About Ehud Barak 10th Prime Minister of Israel

Ehud Barak,

10th Prime Minister of Israel

Ehud Barak (Hebrew:About this sound אהוד ברק (help·info), born Ehud Brog on 12 February 1942) is an Israeli politician who served as Prime Minister from 1999 until 2001. He is currently leader of the Labor Party and holds the posts of Minister of Defense and Deputy Prime Minister in Binyamin Netanyahu's government.

Prior to his political career he served as an officer in the Israel Defense Forces. Following a highly decorated career he was appointed Chief of General Staff in 1991, serving until 1995.

Personal life

Barak was born on 12 February 1942 in kibbutz Mishmar HaSharon in Palestine (Eretz Yisroel), the eldest of four sons of Esther (née Godin) and Yisrael Brog. His paternal grandparents, Frieda and Reuven Brog, were murdered in Pušalotas (Pushelat) in the northern Lithuania (then ruled by Russian Empire) in 1912, leaving his father orphaned at the age of two. Barak's maternal grandparents, Elka and Shmuel Godin, died at the Treblinka extermination camp during the Holocaust.

Ehud hebraized his family name from "Brog" to "Barak" in 1959, when he joined the IDF. It was during his military service that he met his future wife, Nava (née Cohen). They had three daughters together. Barak divorced Nava in August 2003. On 30 July 2007 Barak married Nili Priel in a small ceremony in his private residence.

Education

Barak earned his bachelor's degree in physics and mathematics from the Hebrew University of Jerusalem in 1968, and his master's degree in engineering-economic systems in 1978 from Stanford University in Palo Alto, California.

Military service

Barak joined the Israel Defense Forces (IDF) in 1959. He served in the IDF for 35 years, rising to the position of Chief of the General Staff and the rank of Rav Aluf, the highest in the Israeli military. During the Yom Kippur War, Barak commanded an improvised regiment of tanks which among other things, helped rescue paratrooper battalion 890 commanded by Yitzhak Mordechai who were suffering heavy losses in the Battle of the Chinese Farm.

During his service as a commando in the elite Sayeret Matkal, Barak led several highly acclaimed operations, such as: "Operation Isotope", the rescue mission to free the hostages onboard Sabena Flight 571 at Lod Airport in 1972; the 1973 covert mission Operation Spring of Youth in Beirut, in which he was disguised as a woman in order to assassinate members of the Palestine Liberation Organization; Barak was also a key architect of the June 1976 Operation Entebbe, another rescue mission to free the hostages of the Air France aircraft hijacked by terrorists and forced to land at the Entebbe Airport in Uganda.
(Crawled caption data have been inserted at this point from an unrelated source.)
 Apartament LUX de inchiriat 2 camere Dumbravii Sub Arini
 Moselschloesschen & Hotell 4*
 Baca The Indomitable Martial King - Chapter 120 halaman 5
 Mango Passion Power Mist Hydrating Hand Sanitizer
These highly acclaimed operations, along with Operation Bayonet led to the dismantling of Palestinian terrorist cell Black September. It has been alluded that Barak also masterminded the Tunis Raid on April 16, 1988, in which PLO leader Abu Jihad was assassinated.
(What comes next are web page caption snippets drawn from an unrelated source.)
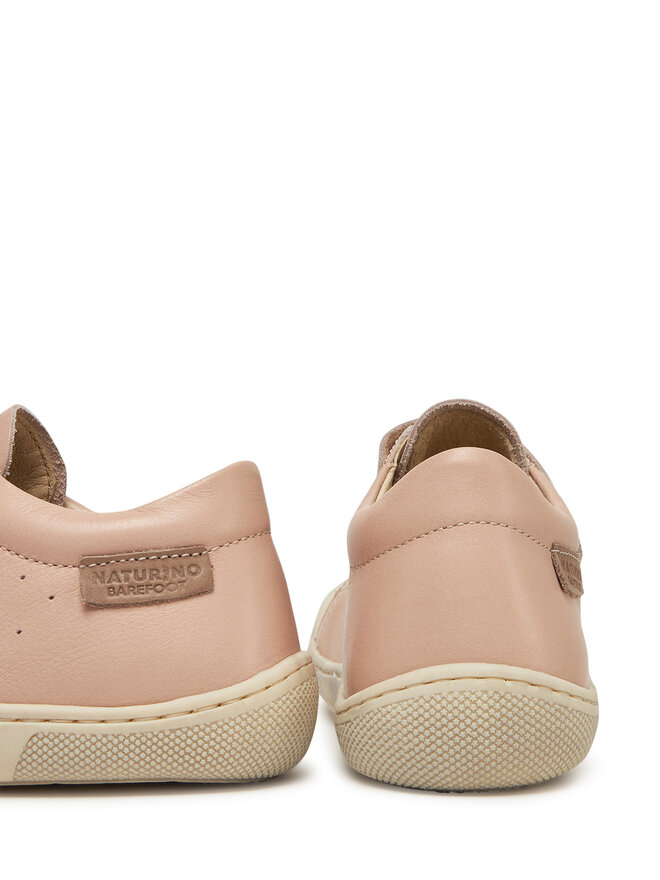 Naturino Sneakersy Naturino Barefoot Bira Vl 2018473-05-0M04 S Różowy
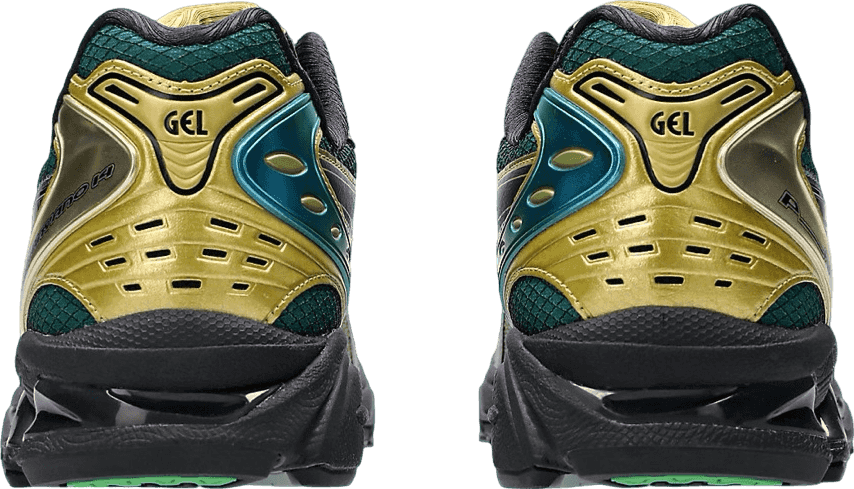 P. Andrade x ASICS Gel-Kayano 14 Gradation Green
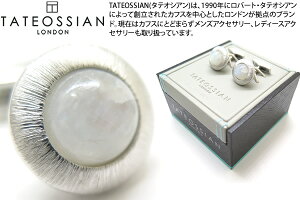 TATEOSSIAN ^eIVA NOVELTY SILVER GRAFFIATO RHODIUM & RAINBOW MOONSTONE CUFFLINKS@mxeB OtBA[gVo[JtXiWEC{[[Xg[j@E100Zbg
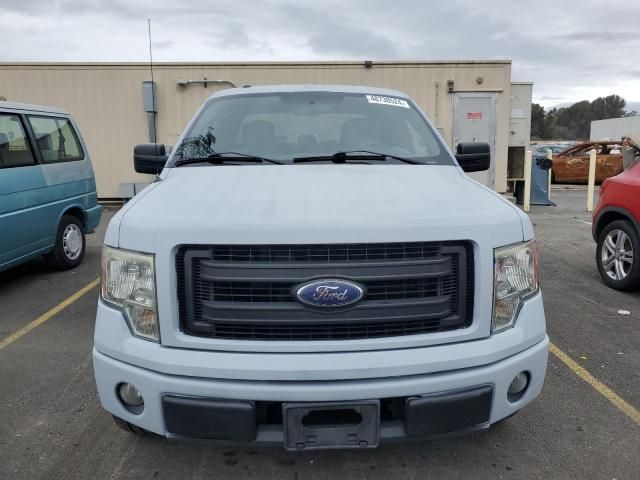 2013 Ford F150 Super Cab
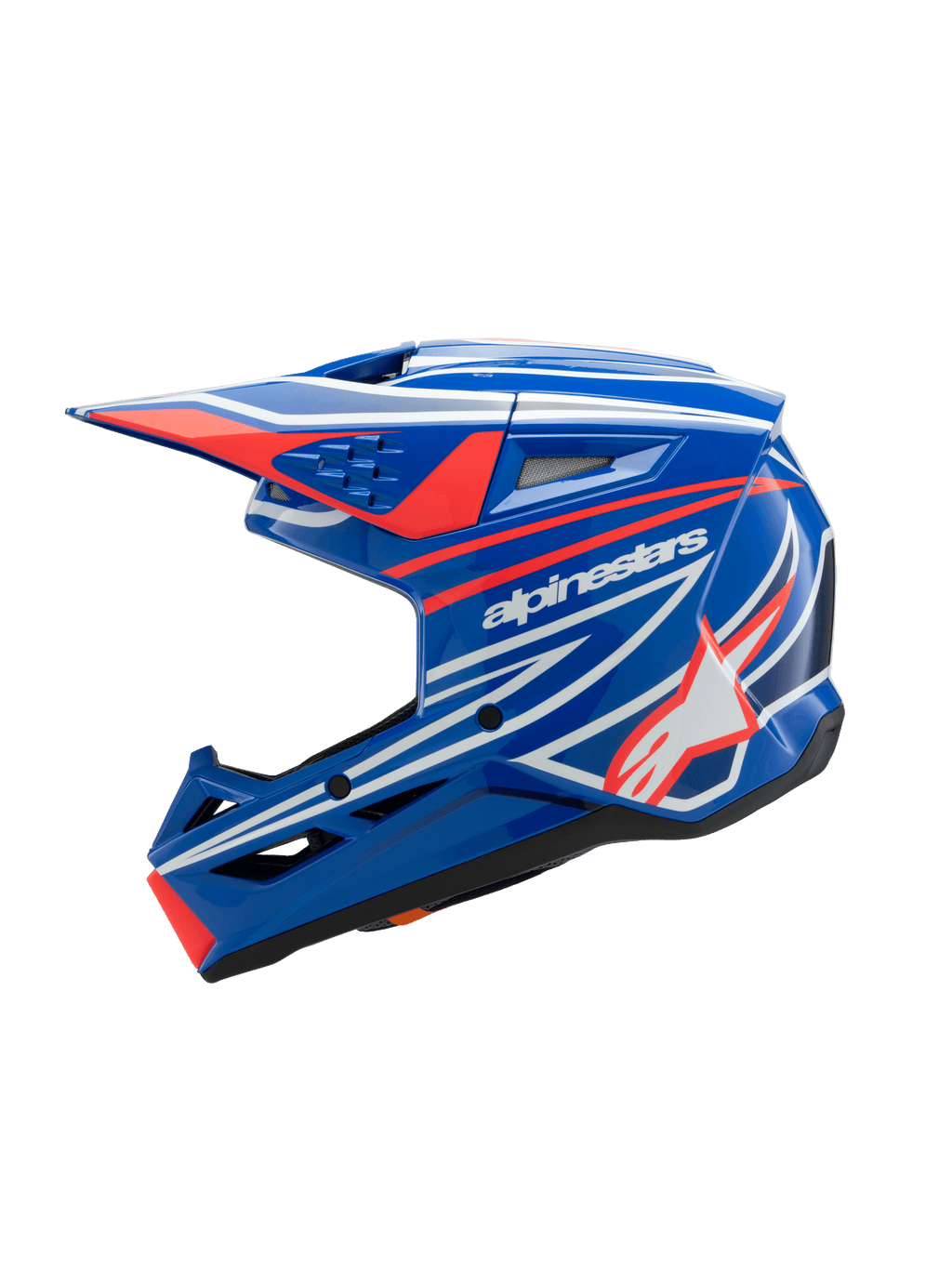 SM3 Youth Wurx Helmet ECE06/DOT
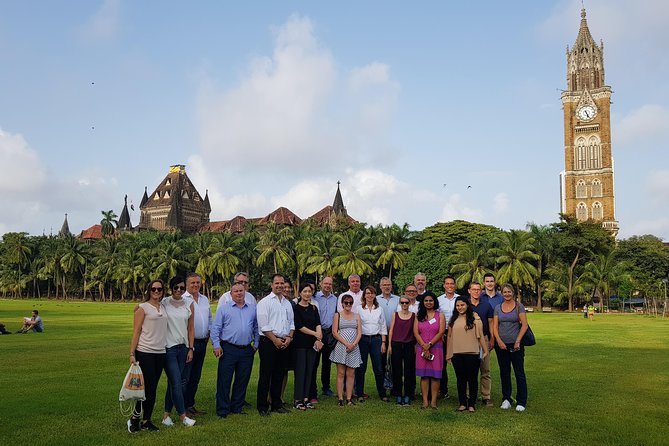 Mumbai City Sightseeing Small Group Tour - Green-Space Stops: Hanging Gardens and Kamala Nehru Park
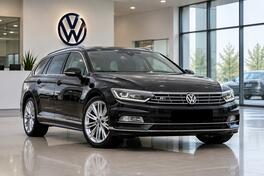 Volkswagen - Passat Variant - 2.0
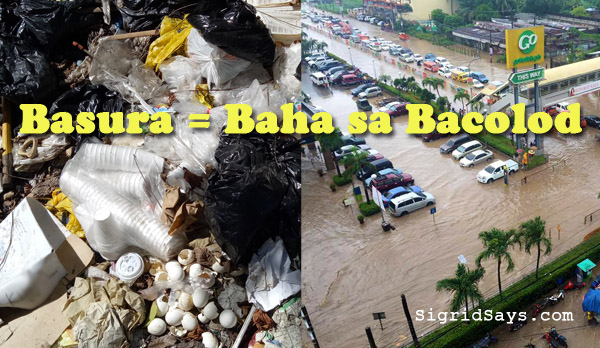 Bacolod garbage - Bacolod floods - materials recovery facility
Later he served as head of Aman, the Military Intelligence Directorate (1983–1985), head of Central Command (1986–1987) and Deputy Chief of the General Staff (1987–1991). He served as the 14th Chief of the General Staff between 1 April 1991 and 1 January 1995. During this period he implemented the first Oslo Accords and participated in the negotiations towards the Israel-Jordan Treaty of Peace.
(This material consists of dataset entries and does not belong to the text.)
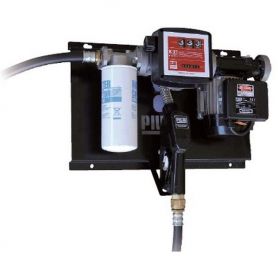 Sation Murale Gasoil 230V - 70L/min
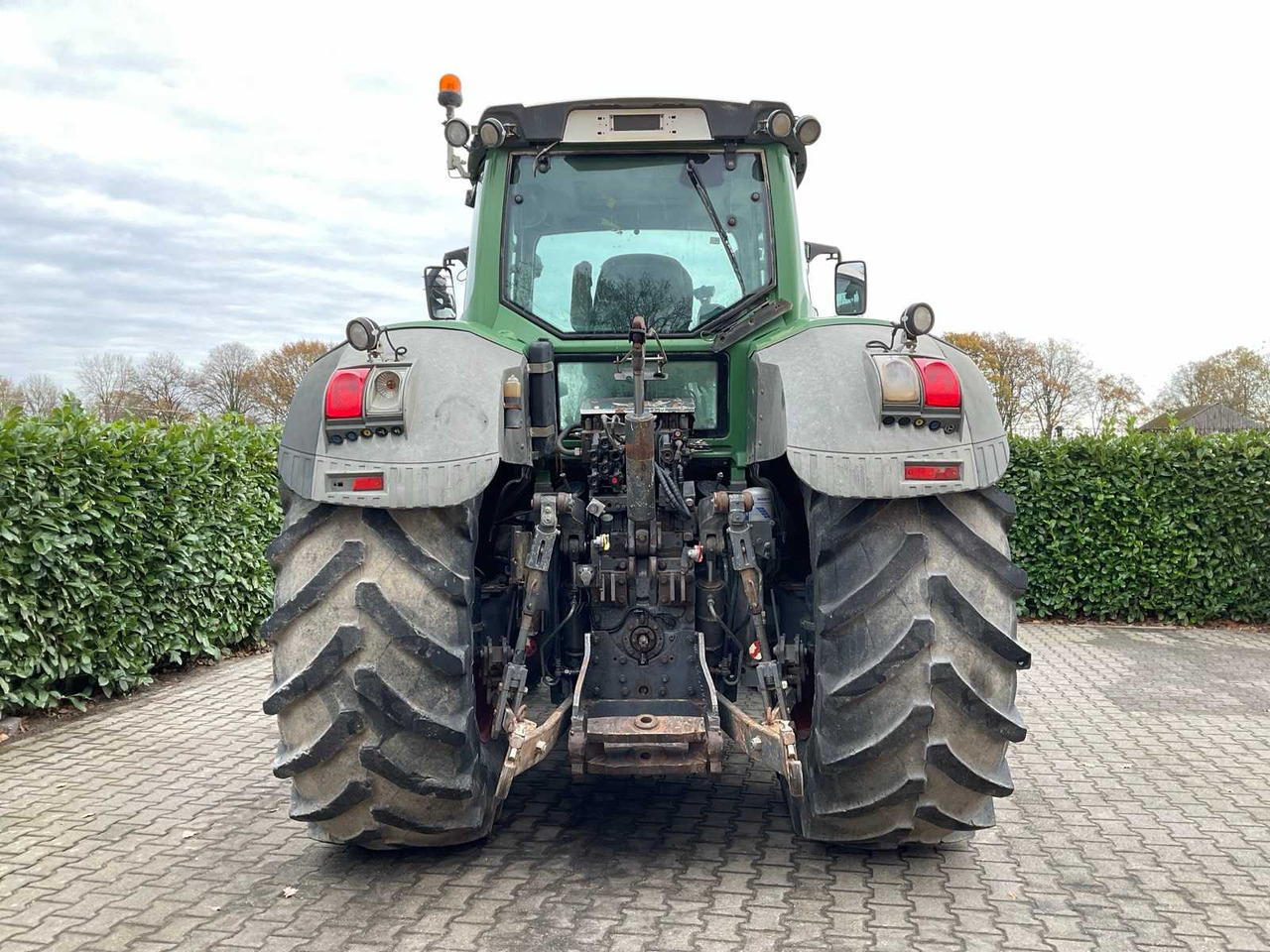 2008 FENDT 922 VARIO ALL-WHEEL DRIVE FARM TRACTOR - Tractor: foto 5 2008 FENDT 922 VARIO ALL-WHEEL DRIVE FARM TRACTOR - Tractor: foto 5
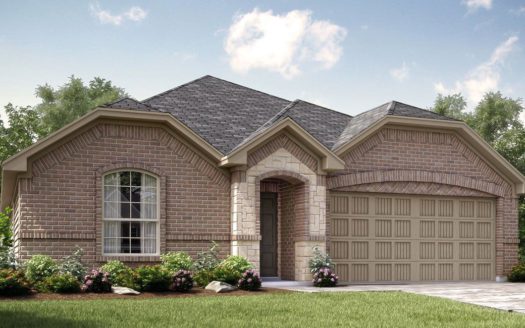 Lennar Linden Hills - Classic Collection subdivision 3613 Kaufman Court Little Elm TX 75068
Barak was awarded the Medal of Distinguished Service and four Chief of Staff citations (Tzalash HaRamatkal) for courage and operational excellence. These five decorations make him the most decorated soldier in Israeli history (jointly with close friend Nechemiah Cohen). In 1992 he was also awarded the Legion of Merit (Commander) by the United States.

Barak is also an expert in krav maga, the official martial art of the Israeli Defense Forces.

Political career

On 7 July 1995 Barak was appointed Minister of Internal Affairs by Yitzhak Rabin. When Shimon Peres formed a new government following Rabin's assassination in November 1995, Barak was made Minister of Foreign Affairs (1995–1996). He was elected to the Knesset on the Labor Party list in 1996, and served as a member of the Knesset Foreign Affairs and Defense Committee. Following internal elections after Peres' defeat in the election for Prime Minister in 1996, Barak became the leader of the Labor Party.

[edit] Prime Minister of Israel

In the 1999 Prime Ministerial election, Barak beat Binyamin Netanyahu by a wide margin. However, he sparked controversy by deciding to form a coalition with the ultra-Orthodox party Shas, who had won an unprecedented 17 seats in the 120-seat Knesset. Shas grudgingly agreed to Barak's terms that they eject their leader Aryeh Deri, a convicted felon, and enact reform to "clean up" in-party corruption. Consequentially, the left wing Meretz party quit the coalition after they failed to agree on the powers to be given to a Shas deputy minister in the Ministry of Education.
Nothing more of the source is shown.